We are considering adding new operations to the standard collections in 2.13. But, obviously, we don’t want to bloat the collections with niche operations. We have to find which operations are important and useful enough to the community.
Note: you should consider the meaning of the operation rather than details like its name, but feel free to comment about such details on the corresponding github issues (linked from the gist).
Note: if you think of some important operation that should be also included, please open an issue in the github repository.
I find myself wanting a function on a Seq[(K, A)] to Map[K, Set[A]] or
Map[K, Seq[A]]. Note that this is like groupBy, but doesn’t retain the key
in the value collection.
Besides the already mentioned methods I often find myself missing takeUntil (when I want one element less than I can achieve with takeWhile) and intercalate.
Frequently finding myself needing Seq[Optoin[A]] => Seq[A], getting rid of all the Nones. Sure you can use flatten but that’s terrible for readability. In JS land’s Lodash it’s called compact.
Seq(Some(1), None, Some(5)).compact == Seq(1, 5)
Also, Seq[T] => (T => K) => Map[K, T] which is called keyBy in Lodash.
@jatcwang - compact is called flatten. We already have the functionality, and many people are used to the existing name; this isn’t going to change. I am not sure why you think flatten is terrible for readability (since it does take a nested and thus “non-flat” representation and makes it flat, whereas compact could also mean “don’t retain any buffer for further modifications”), but anyway, it’s established and thus will stay that way.
keyBy is a possibly dangerous simplification of groupBy because collisions in key are resolved in an arbitrary way. The proposed groupMapReduce provides this functionality in a principled way (i.e. makes you specify what you want to do in case of collisions).
@ShaneDelmore - I’m not sure why you would want one less than takeWhile. The natural meaning of takeUntil (in analogy with 0 until 5) is that takeUntil(p) takes everything before but not including that element where p returns true; and this is exactly what you get from takeWhile(!p). It is takeTo, where the last element is included, that is difficult to achieve with the current methods.

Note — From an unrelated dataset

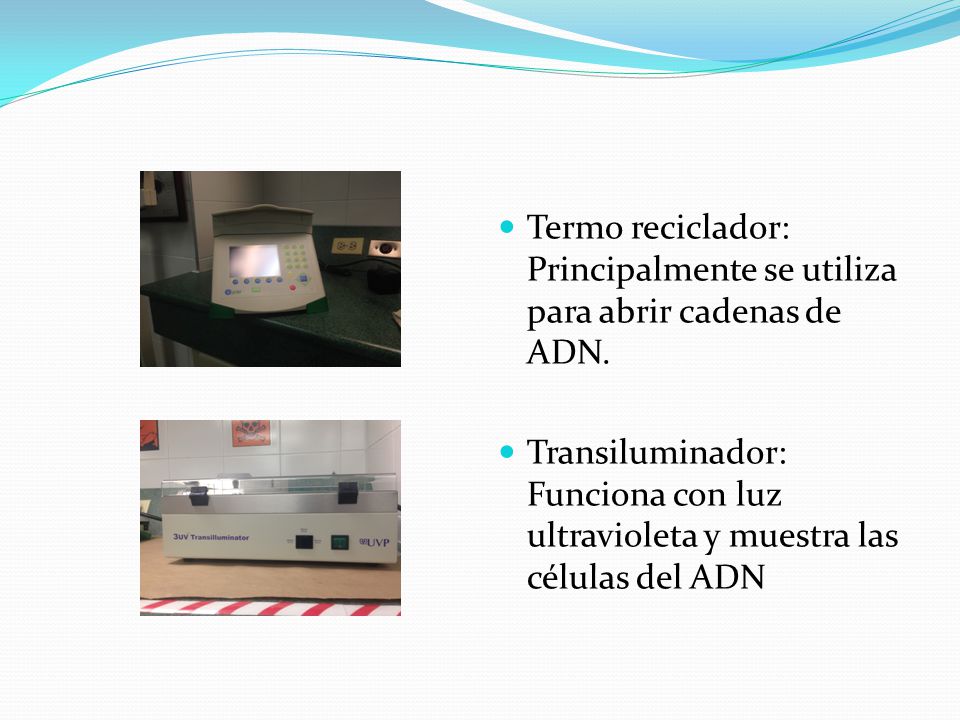 Termo reciclador: Principalmente se utiliza para abrir cadenas de ADN.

I think we should take inspiration from what Spark added, because that’s both clearly successful and very well known (the same API is also in all other Spark frontends, which means it’s the de facto standard for data science now).

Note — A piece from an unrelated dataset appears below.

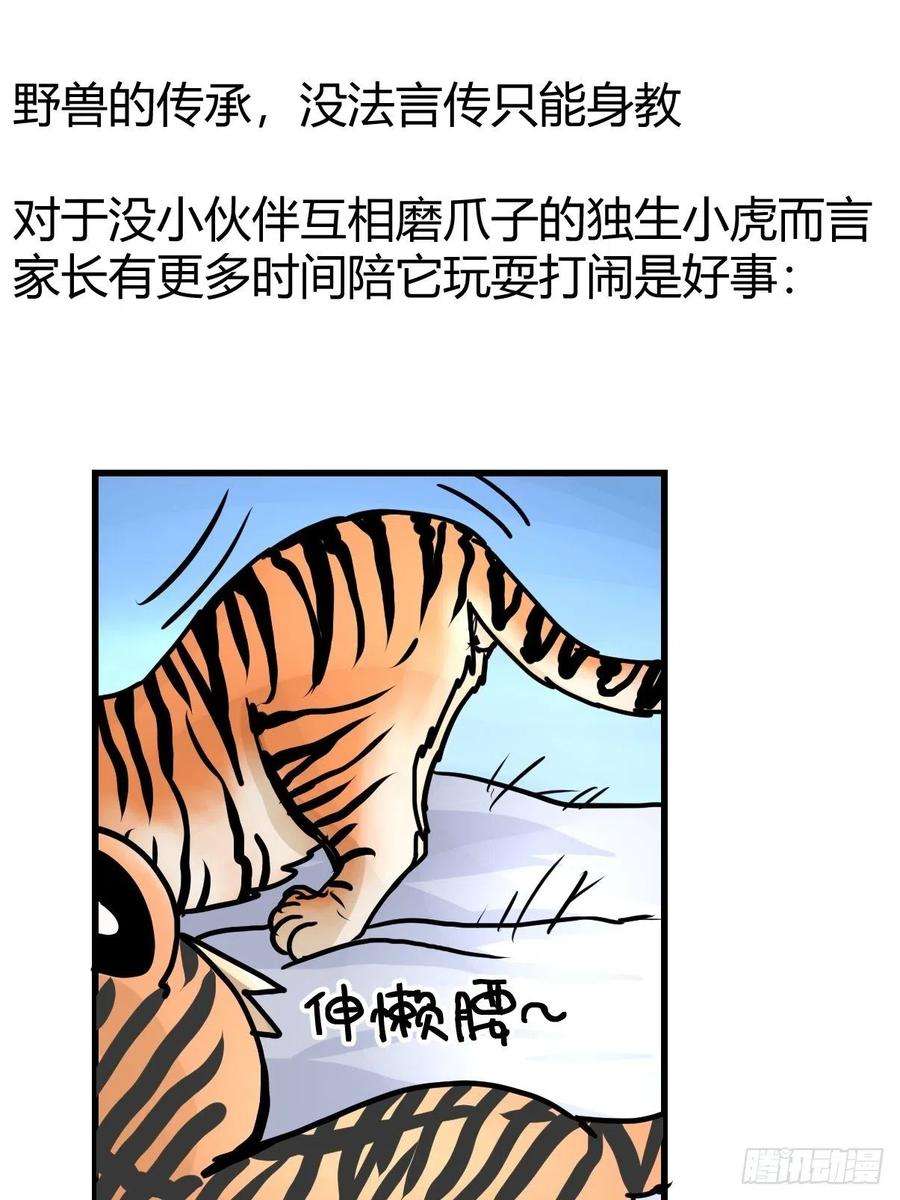 进化之基虎年特别篇：王者归来02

Examples are reduceByKey and operations that treat a list of pairs as a map.
Overall, however we have to be very careful here. It’s easy to make a case for each individual addition. But if we add them all we will end up with a mess, and its easy to make a case against that, too . The problem is how to balance one against the other.
One possible solution that we should explore further is to put new (and also some old?) operations in decorators as opposed to the core classes. That should be doable for any method that does not need an override in a subclass, and I would hope that’s the majority. That way we could experiment with different “bundles” that cover different functionalities. We’d also make the core library lighter, which is very important in some cases.
I like @odersky’s suggestion of, at least for now, putting many of the suggestions in decorators in a separate library. That way they have room to evolve a bit without needing standard-library-level stability.